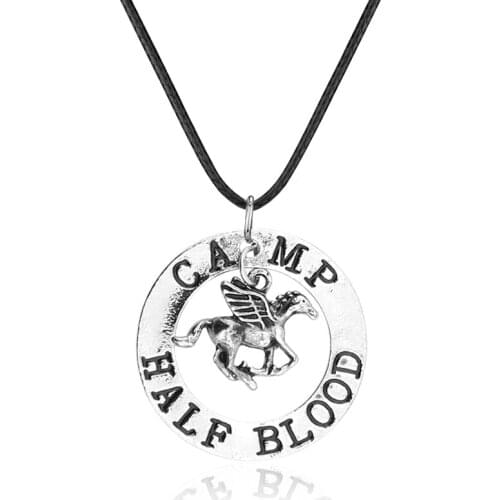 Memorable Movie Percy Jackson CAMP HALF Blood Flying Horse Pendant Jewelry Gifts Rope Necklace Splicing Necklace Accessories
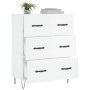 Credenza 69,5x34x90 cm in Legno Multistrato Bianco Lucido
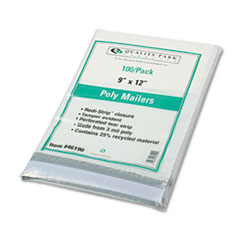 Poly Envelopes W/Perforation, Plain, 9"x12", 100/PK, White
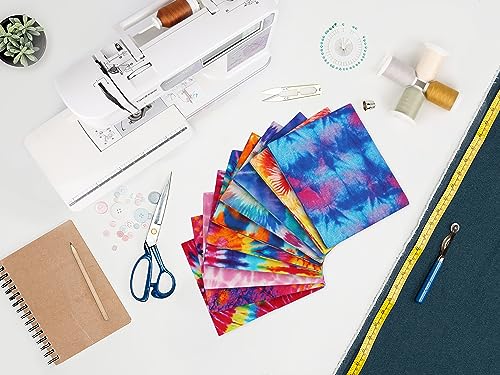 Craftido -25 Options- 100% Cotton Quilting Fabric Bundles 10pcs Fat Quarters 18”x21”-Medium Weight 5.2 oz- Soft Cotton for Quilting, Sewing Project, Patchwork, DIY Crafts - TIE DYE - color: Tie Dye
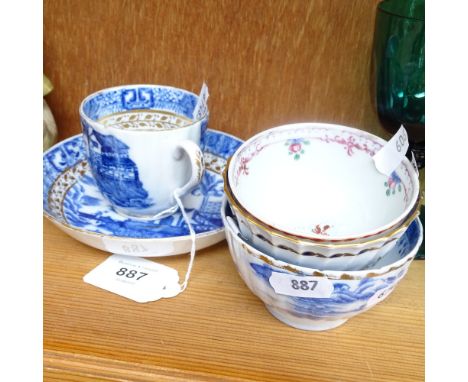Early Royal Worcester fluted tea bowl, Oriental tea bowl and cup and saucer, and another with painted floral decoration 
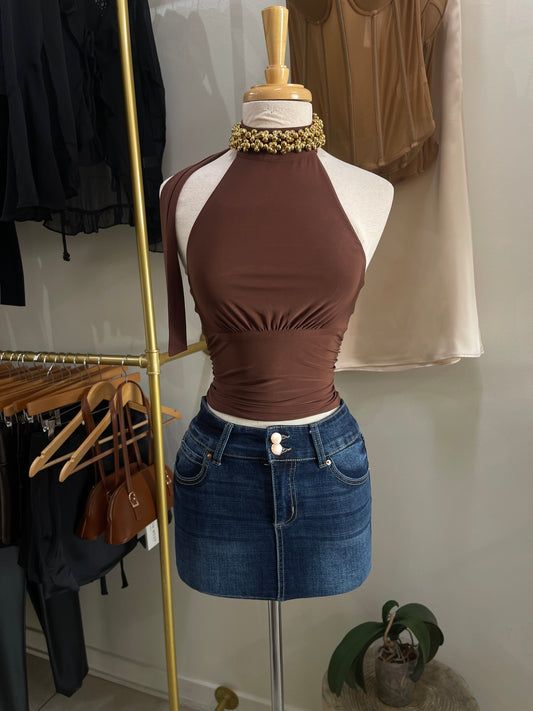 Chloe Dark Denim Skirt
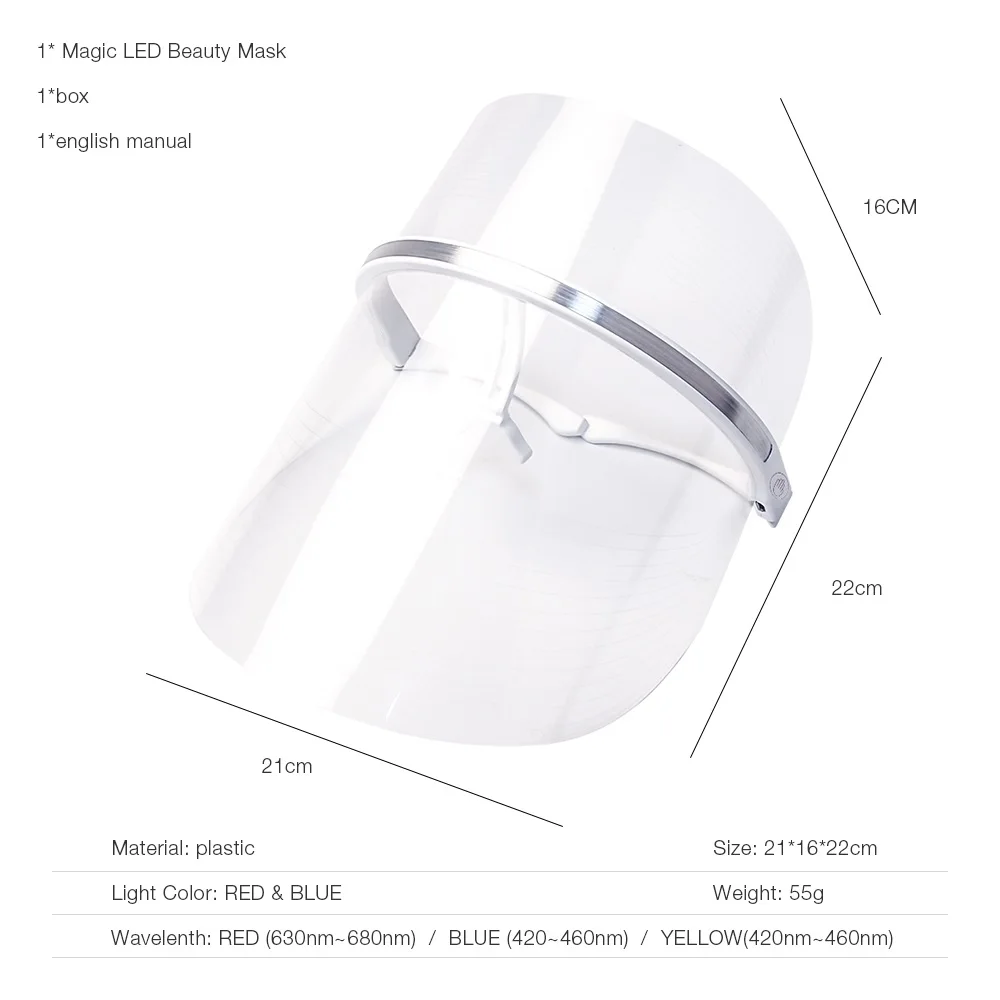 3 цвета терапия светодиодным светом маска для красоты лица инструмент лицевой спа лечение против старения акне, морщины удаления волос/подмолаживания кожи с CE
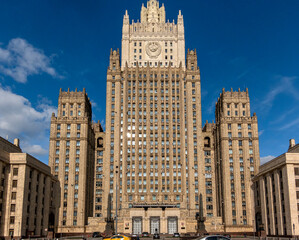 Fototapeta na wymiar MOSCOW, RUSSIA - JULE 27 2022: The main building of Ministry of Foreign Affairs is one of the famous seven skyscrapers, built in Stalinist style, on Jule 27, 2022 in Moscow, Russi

--

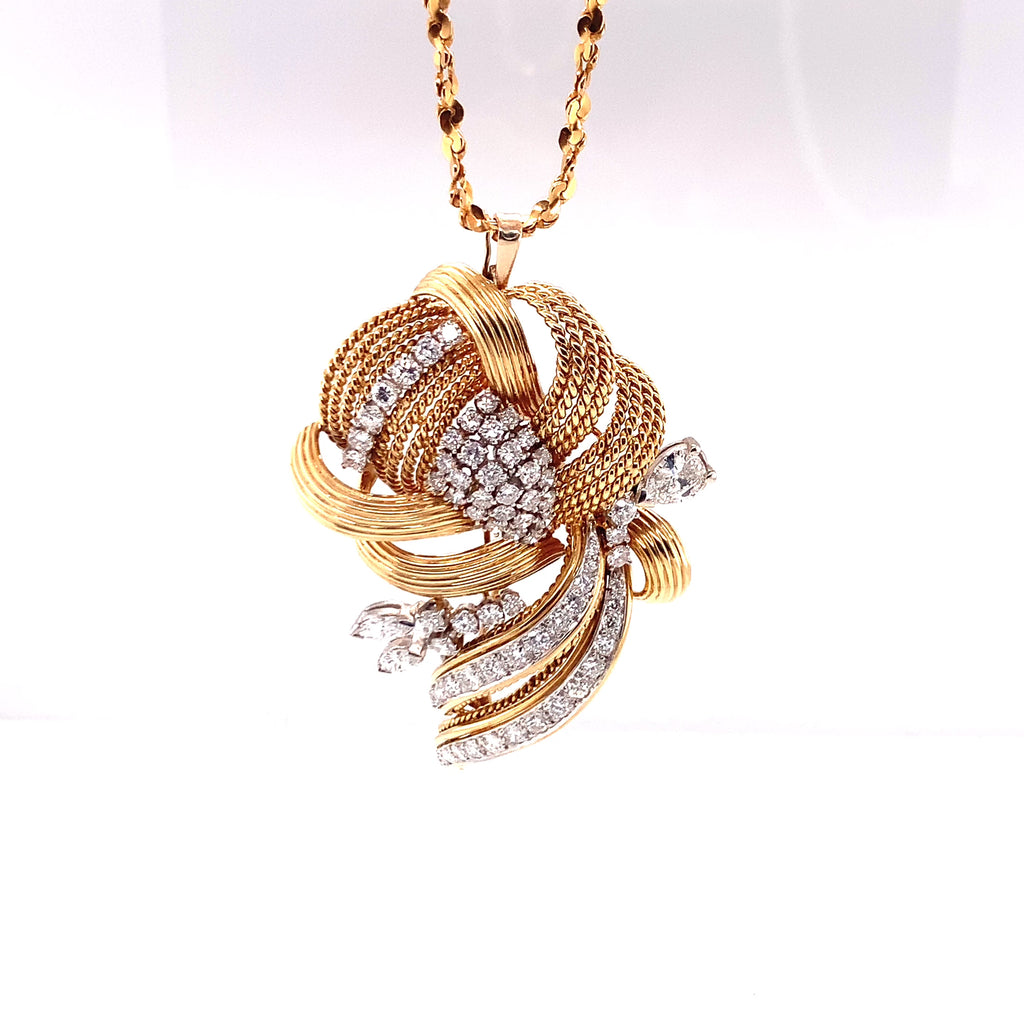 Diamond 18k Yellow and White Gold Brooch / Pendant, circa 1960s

YOUR ASSIGNMENT:
For this exercise, transcribe exactly the part of the records above that opens with the line containing "Chloe Dark Denim Skirt" and closes with the one containing "Fototapeta na wymiar". Pictures are not part of the copy.

ANSWER TO THIS PROBLEM:
 Chloe Dark Denim Skirt
 3 цвета терапия светодиодным светом маска для красоты лица инструмент лицевой спа лечение против старения акне, морщины удаления волос/подмолаживания кожи с CE
 Fototapeta na wymiar MOSCOW, RUSSIA - JULE 27 2022: The main building of Ministry of Foreign Affairs is one of the famous seven skyscrapers, built in Stalinist style, on Jule 27, 2022 in Moscow, Russi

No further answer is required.